## Task
Copy all entries exactly, and wherever an entry holds a picture, leave that picture out.

[Material supplied — start]

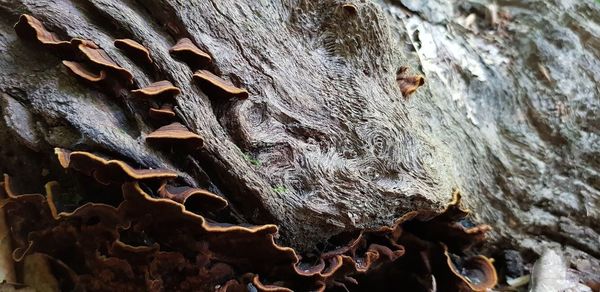 Close-up of rock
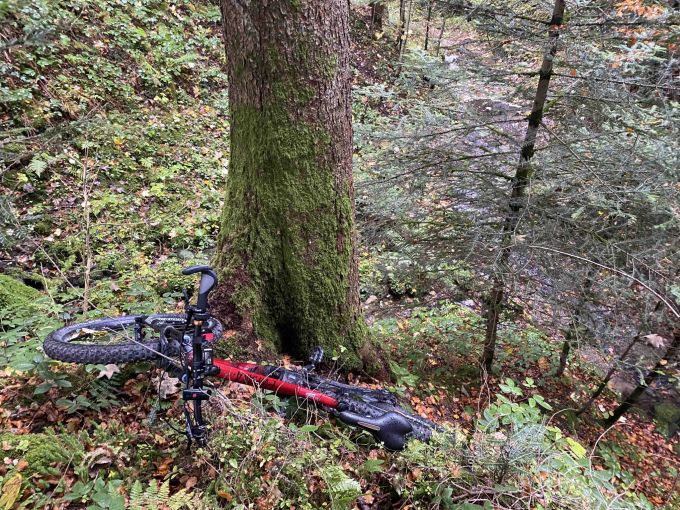 Weiteres verstecktes Velo. Weiteres verstecktes Velo.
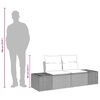 vidaXL Gartensofa mit Kissen Schwarz 184 x 62 x 69 cm Poly-Rattan
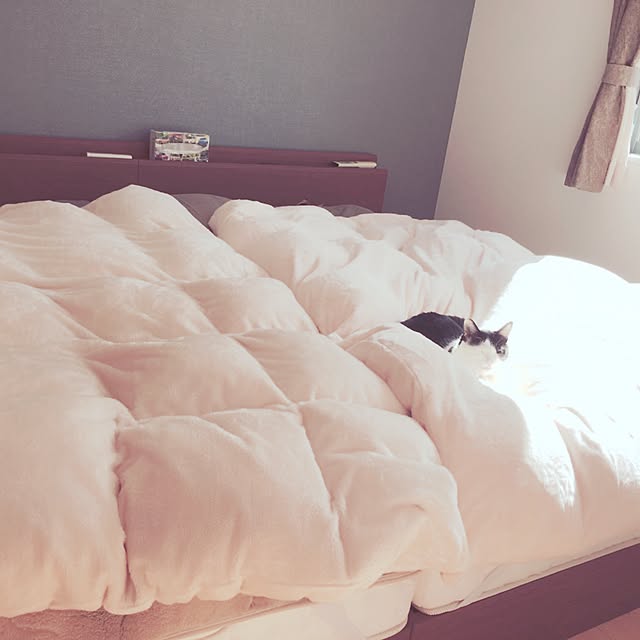56chanさんの実例写真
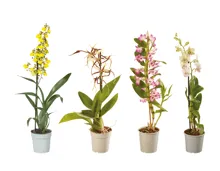 Orchideen Mix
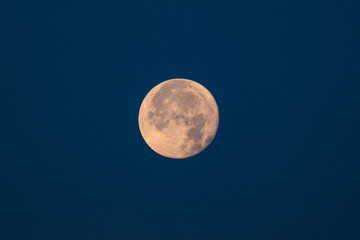 Full moon against the dark sky.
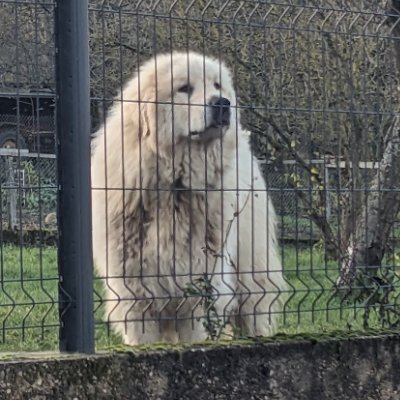 marion_niklas's profile picture.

[Material supplied — finish]

## Response to the task
 Close-up of rock
 Weiteres verstecktes Velo. Weiteres verstecktes Velo.
 vidaXL Gartensofa mit Kissen Schwarz 184 x 62 x 69 cm Poly-Rattan
56chanさんの実例写真
 Orchideen Mix
 Full moon against the dark sky.
 marion_niklas's profile picture.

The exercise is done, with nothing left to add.